The Washington Post.
The greatest triumph is the way all this material, though it's focused on the peculiarities of Mormonism -- devout and heretical, ancient and modern -- illuminates the larger landscape of faith.

New York Times - Janet Maslin
There is a man who explains how he managed to have three wedding nights in three weeks. There are women casting light on what justified and reinforced their faith in all-powerful male prophets. But this creates an exhausting cacophony. Mr. Ebershoff clearly had the doggedness to invent many voices. What he didn’t have — or want, given the book’s deliberate epistolary nature — was a whole greater than the sum of its parts.

San Francisco Chronicle - Dan Cryer
The attack on polygamy by a Mormon apostate, Ann Eliza, is instrumental, when the church finally renounces it in 1890, in preserving it from the nation's wrath. The novel's gay men are straight arrows, committed to responsible relationships, while its heterosexual men are savage creatures of lust. Religion and sex paired, it seems, equals passion squared.

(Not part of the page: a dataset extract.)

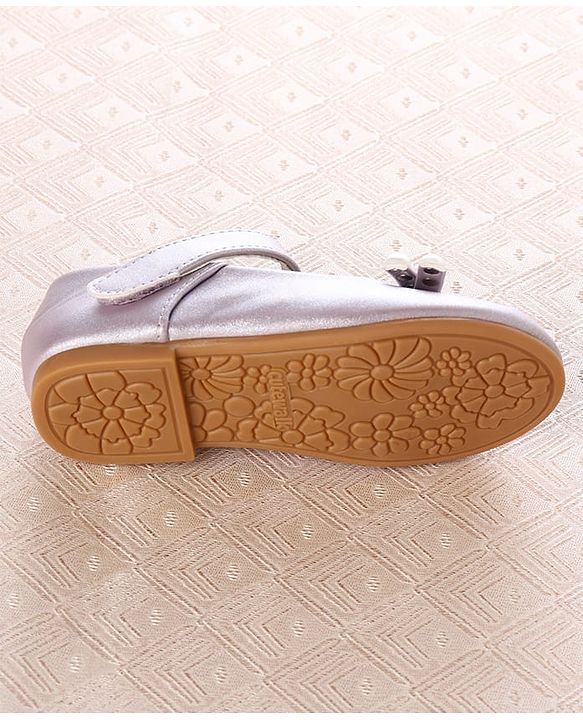 Cute Walk by Babyhug Ballerina With Velcro Closure and Bow Applique - Purple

The Seattle Times - Richard Wallace
Regrettably, Jordon's contemporary story offers little of the spiritual complexity of Ann Eliza's saga. As a mystery it is totally without suspense, and the characters, other than Jordon (who has a healthy sense of the absurd), are not well-developed or compelling. Sometimes, one good story is all you need.

Publishers Weekly
[E]ssential reading for anyone seeking understanding of the subject.

Kirkus Reviews
Reminiscent of Wallace Stegner's Angle of Repose in scope and ambition, though the narrative sometimes drags.